What you need to do >> Print this span of the material below exactly: the line with "Jahreschart des S&P", the line with "OTR/off-The-Road/Mining Tyre (L3/E3, E4)", and every line between them, but nothing else.

Data extract >>

____

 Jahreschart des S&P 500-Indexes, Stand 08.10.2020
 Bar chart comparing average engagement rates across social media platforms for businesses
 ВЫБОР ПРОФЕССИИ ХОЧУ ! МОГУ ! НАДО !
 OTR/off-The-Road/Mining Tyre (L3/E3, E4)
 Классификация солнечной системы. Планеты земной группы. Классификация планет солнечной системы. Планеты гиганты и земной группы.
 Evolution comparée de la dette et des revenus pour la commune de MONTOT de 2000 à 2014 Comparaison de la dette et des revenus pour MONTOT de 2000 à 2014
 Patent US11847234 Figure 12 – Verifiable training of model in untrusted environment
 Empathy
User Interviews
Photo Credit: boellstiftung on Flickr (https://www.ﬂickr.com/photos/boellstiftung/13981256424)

____

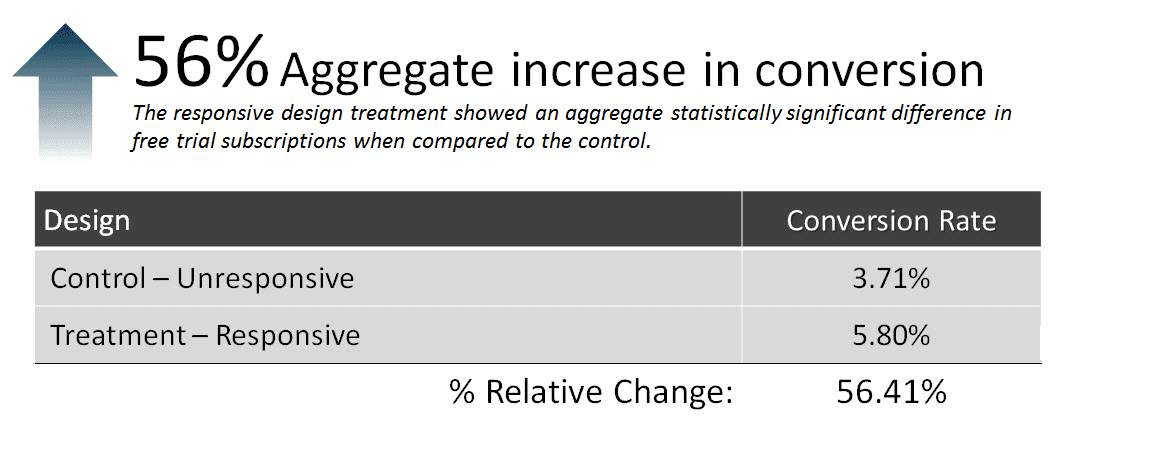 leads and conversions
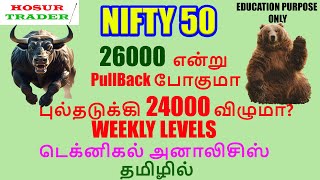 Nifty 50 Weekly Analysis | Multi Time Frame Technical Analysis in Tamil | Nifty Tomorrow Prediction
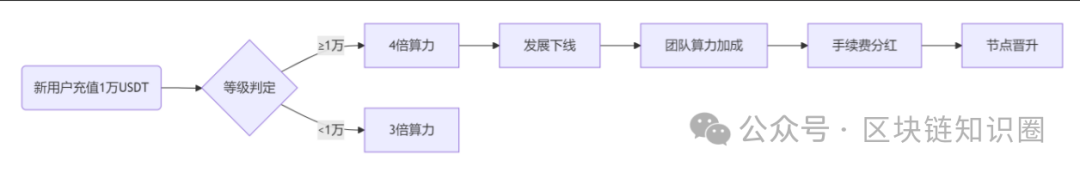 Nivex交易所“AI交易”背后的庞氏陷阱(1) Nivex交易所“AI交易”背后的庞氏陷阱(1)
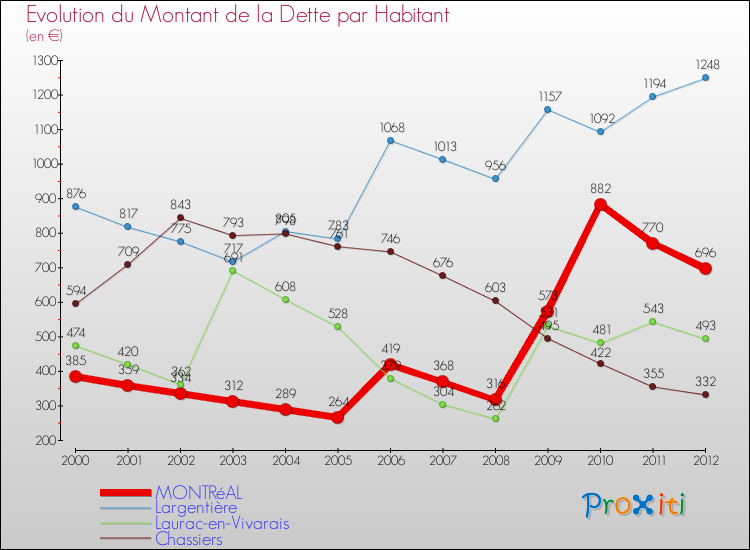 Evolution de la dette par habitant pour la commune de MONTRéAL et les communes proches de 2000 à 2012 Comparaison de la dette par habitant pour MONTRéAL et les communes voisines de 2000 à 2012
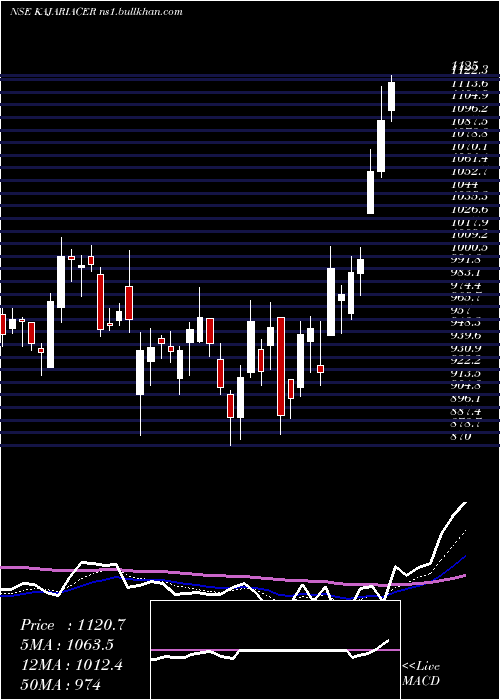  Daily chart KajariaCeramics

____

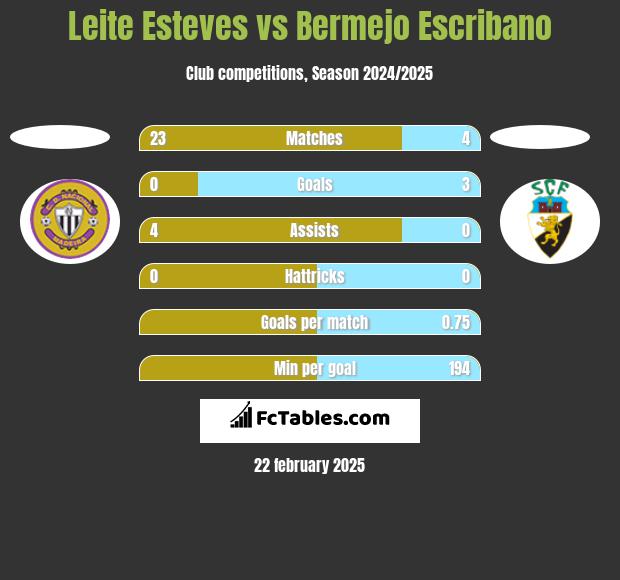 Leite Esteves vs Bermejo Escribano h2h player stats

____

Answer to the exercise >>
 Jahreschart des S&P 500-Indexes, Stand 08.10.2020
 Bar chart comparing average engagement rates across social media platforms for businesses
 ВЫБОР ПРОФЕССИИ ХОЧУ ! МОГУ ! НАДО !
 OTR/off-The-Road/Mining Tyre (L3/E3, E4)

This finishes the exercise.